Give the data a second time, exactly and in full.

### AVAILABLE DATA
*** Begin section ***

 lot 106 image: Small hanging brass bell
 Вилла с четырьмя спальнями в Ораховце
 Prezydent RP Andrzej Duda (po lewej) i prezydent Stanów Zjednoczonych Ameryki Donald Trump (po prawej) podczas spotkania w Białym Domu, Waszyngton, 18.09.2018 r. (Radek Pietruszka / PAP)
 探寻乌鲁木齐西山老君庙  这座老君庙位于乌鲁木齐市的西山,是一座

*** End section ***

### RESPONSE AREA
 lot 106 image: Small hanging brass bell
 Вилла с четырьмя спальнями в Ораховце
 Prezydent RP Andrzej Duda (po lewej) i prezydent Stanów Zjednoczonych Ameryki Donald Trump (po prawej) podczas spotkania w Białym Domu, Waszyngton, 18.09.2018 r. (Radek Pietruszka / PAP)
 探寻乌鲁木齐西山老君庙  这座老君庙位于乌鲁木齐市的西山,是一座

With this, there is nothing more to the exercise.